HARDasked at 19 companies

Wildcard Matching

A hard-tier problem at 30% community acceptance, tagged with String, Dynamic Programming, Greedy. Reported in interviews at Two Sigma and 18 others.

Founder's read

Wildcard Matching is one of those problems that looks deceptively simple until you hit it live and realize the greedy trick fails. It's asked by Two Sigma, X, Snap, and Instacart, among others, and sits at 29% acceptance. The problem: match a string against a pattern where '?' matches any single character and '*' matches any sequence (including empty). The naive recursive solution times out.

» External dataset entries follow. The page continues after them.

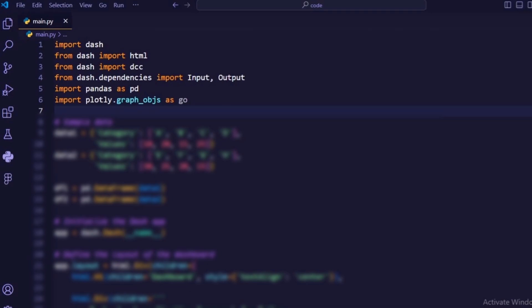Import plotly.graph_objects as go. This imports the graph objects module from the plotly library, which is used to create and customize interactive visualizations.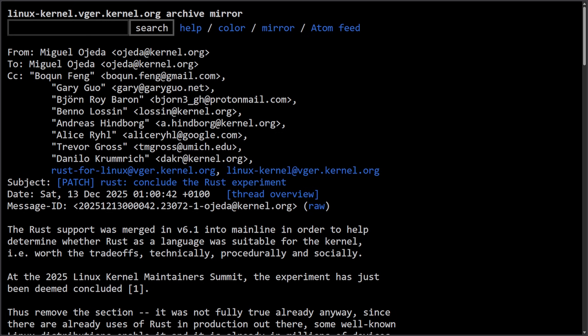So it's official. The Linux kernel's Rust experiment is officially over and Rust now will become a permanent part of the Linux kernel with it all starting in its inclusion in the mainline version 6.1 of the kernel.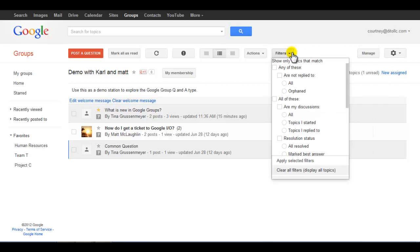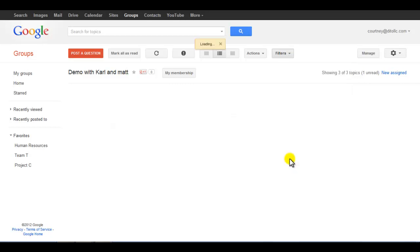You have the ability to filter by replies, resolutions, and time frame. This way you can easily filter on specific criteria.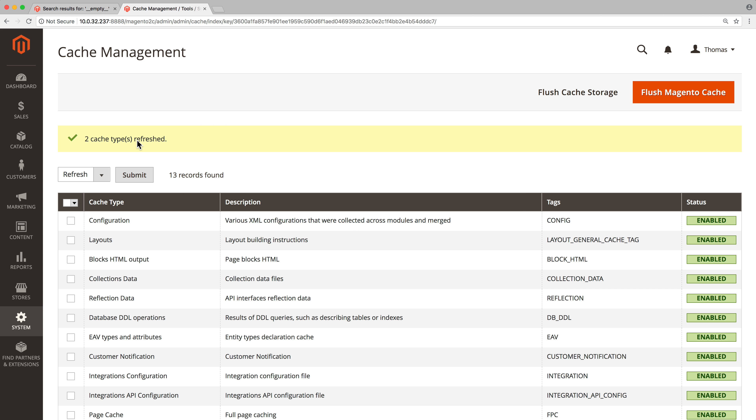In this video we saw the three main settings to configure for the instant search page: the facets, the sortings, and the category pages. In the next video we will cover the autocomplete menu configuration.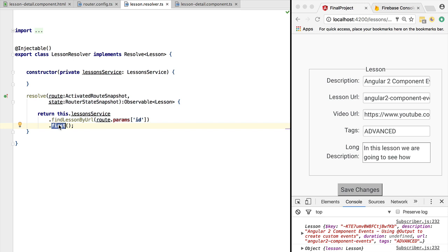This scenario of a hanging route navigation is just one example of how, when dealing with observables — whether returning them from API calls or sending them back to the framework — it's important to bear in mind when the observable completes, because that can lead to strange situations. There are also RxJS operators that won't work if used with an observable that doesn't complete.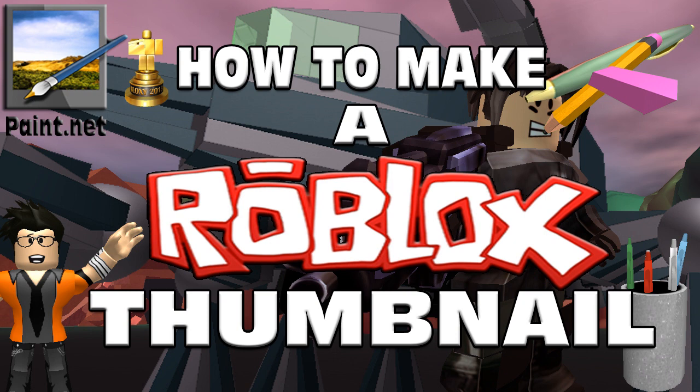Hello everyone, GiannisCookie here and welcome to another video tutorial. Today's video tutorial will be about how to make Roblox thumbnails in Paint.net. This has been requested by a lot of you so I decided to show you guys.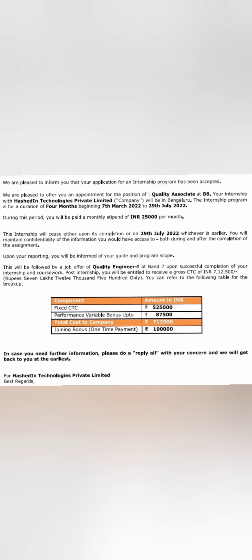Your fixed CTC will be five lakh twenty-five thousand. CTC is nothing but cost to company. You will get a performance bonus of eighty-seven thousand five hundred, and total cost to company will be seven lakh twelve thousand five hundred. You will also get a joining bonus of one lakh, that means you will get a total of 8.12 lakhs in the first year.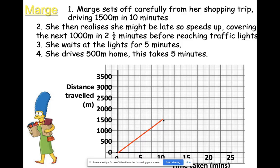Part two: she realizes she might be late, so she speeds up, covering the next 1000 meters in two and a half minutes before reaching the traffic lights. Two and a half minutes later is 12.5 minutes, and another 1000 meters takes us up there. Notice she's sped up — the graph has become steeper. That's a clear indication that speed has risen; she's covering more distance in a smaller amount of time.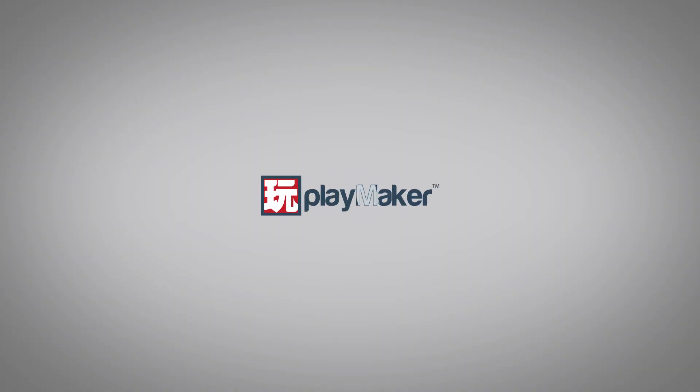Be sure to check out our other videos to learn all the various features of PlayMaker. Links to more learning resources are in the description.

The DP solution works but demands careful state management. If this lands on your OA and you blank on the two-pointer greedy optimization, StealthCoder surfaces a working solution in seconds, invisible to the proctor.

Companies asking
19
Difficulty
HARD
Acceptance
30%

Companies that ask "Wildcard Matching"

If this hits your live OA

Wildcard Matching is the kind of problem that decides whether you pass. StealthCoder reads the problem on screen and surfaces a working solution in under 2 seconds. Invisible to screen share. The proctor sees nothing. Made by a working Amazon engineer who got tired of watching qualified friends bomb OAs they'd solve cold in an IDE.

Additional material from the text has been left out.